Crawled caption data
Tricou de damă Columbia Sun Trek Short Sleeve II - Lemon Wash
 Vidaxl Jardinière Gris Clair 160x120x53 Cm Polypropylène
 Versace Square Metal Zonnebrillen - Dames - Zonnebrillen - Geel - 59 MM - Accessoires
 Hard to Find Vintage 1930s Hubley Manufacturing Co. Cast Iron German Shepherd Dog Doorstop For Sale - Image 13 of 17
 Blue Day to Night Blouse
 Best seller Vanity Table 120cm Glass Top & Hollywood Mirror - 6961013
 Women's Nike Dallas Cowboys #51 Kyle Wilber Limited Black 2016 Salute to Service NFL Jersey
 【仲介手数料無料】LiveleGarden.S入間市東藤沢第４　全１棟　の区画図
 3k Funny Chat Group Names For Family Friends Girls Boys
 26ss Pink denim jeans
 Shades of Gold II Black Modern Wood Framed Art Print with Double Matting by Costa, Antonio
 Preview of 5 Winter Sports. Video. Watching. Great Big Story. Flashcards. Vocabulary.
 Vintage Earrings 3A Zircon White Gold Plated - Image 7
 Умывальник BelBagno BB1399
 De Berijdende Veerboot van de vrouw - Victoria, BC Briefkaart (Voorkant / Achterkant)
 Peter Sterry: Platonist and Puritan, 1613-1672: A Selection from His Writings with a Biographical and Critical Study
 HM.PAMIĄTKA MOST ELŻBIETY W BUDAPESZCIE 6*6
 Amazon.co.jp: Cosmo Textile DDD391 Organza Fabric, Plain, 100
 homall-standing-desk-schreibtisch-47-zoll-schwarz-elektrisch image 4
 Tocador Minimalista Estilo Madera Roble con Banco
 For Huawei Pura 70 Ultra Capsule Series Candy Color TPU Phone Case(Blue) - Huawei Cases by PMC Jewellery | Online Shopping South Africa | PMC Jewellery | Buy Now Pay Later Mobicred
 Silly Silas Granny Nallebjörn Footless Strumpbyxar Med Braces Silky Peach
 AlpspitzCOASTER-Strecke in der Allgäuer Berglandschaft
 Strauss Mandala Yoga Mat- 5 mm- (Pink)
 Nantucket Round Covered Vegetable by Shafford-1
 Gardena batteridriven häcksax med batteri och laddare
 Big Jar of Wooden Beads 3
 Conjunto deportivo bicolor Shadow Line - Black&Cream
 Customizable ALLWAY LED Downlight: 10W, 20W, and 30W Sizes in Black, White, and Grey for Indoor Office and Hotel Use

(Description of the task) Exactly the lines from the one containing "Strauss Mandala Yoga Mat- 5 mm- (Pink)" through the final line above, and only those, should be given again.

(Task answer)
 Strauss Mandala Yoga Mat- 5 mm- (Pink)
 Nantucket Round Covered Vegetable by Shafford-1
 Gardena batteridriven häcksax med batteri och laddare
 Big Jar of Wooden Beads 3
 Conjunto deportivo bicolor Shadow Line - Black&Cream
 Customizable ALLWAY LED Downlight: 10W, 20W, and 30W Sizes in Black, White, and Grey for Indoor Office and Hotel Use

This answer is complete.